椿ちゃんは驚いたがキスを終えるとそっと私を手で離した。
「あのねぇ……いくらなんでも場所ってのがあるでしょう?」
「私間違えてた! 私が好きなのは椿ちゃんだったんだよ!」
「待って……本当に大丈夫なの?」
普段とは明らかに違う私に困惑する椿ちゃん。
だけども私はそんなことはどうでもよくて椿ちゃんを好きだと愛していると伝えようとする。
そんな私を文ちゃんは慌てて腕を掴んで抑えると更にもう一つの手で口を抑えた。
「何が起きているの?」
「椿には後で話すよ。栞は今ちょっと不安定だから保健室に連れていく」
「え、ええ」
「は、離して! 私は椿ちゃんに愛して貰わないと!」
「栞……大丈夫……大丈夫だから。一旦保健室に行こ?」
気がつけば文ちゃんは涙を溢していた。そして私の手を引いてそっと教室から出ていこうとする。

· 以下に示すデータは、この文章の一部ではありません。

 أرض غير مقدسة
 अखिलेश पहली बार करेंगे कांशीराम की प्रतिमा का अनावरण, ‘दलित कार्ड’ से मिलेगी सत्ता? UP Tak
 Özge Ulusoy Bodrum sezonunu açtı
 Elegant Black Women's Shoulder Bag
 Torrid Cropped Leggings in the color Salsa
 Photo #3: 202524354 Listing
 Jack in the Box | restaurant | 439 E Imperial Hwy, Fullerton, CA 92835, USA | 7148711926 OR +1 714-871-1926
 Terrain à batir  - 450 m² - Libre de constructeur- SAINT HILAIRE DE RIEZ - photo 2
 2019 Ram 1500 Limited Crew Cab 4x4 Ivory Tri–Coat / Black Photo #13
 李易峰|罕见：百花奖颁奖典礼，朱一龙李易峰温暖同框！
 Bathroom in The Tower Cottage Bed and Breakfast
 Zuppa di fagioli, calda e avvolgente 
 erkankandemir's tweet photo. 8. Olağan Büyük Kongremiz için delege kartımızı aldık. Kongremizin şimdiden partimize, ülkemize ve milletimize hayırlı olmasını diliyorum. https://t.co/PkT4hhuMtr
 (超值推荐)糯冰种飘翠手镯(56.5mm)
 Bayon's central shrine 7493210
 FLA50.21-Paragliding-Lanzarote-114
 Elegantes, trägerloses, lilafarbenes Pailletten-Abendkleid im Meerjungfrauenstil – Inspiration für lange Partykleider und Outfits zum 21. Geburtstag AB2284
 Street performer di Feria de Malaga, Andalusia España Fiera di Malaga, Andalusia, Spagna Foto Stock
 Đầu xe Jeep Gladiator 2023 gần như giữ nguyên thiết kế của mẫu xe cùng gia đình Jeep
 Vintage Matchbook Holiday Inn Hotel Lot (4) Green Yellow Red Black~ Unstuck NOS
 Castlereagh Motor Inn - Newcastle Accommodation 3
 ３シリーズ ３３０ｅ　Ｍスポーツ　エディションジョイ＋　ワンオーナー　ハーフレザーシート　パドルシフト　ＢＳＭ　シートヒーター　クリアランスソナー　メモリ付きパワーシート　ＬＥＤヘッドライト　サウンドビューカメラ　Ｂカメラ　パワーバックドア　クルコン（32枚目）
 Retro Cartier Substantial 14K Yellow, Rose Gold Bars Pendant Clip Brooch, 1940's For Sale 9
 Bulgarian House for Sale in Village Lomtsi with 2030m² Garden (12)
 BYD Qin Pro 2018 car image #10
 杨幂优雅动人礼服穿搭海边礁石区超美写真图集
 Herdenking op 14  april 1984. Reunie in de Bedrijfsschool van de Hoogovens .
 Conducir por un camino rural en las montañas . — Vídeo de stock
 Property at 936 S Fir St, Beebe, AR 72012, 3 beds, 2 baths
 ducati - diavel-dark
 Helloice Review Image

その時に私の顔にコツンと何かがぶつかる。ふと見るとそこには古宮先生が立っていた。
「二人とも……どうかしたのか?」
私は驚いた。古宮先生を見て固まってしまった。
古宮先生が美人なのは分かっていた。だけどもこんなに古宮先生が素敵な人だとは私は気づかなかったからだ。
そうか……私は古宮先生のことが好きだったのか。
「先生……凄く綺麗」
「栞?」
「すみません先生! ちょっと栞、体調悪いみたいで保健室に連れていきますね」
「あ、ああ……分かった」
文ちゃんはこうなることが分かっていたのか辛そうな表情のまま私をむりやり保健室まで引っ張った。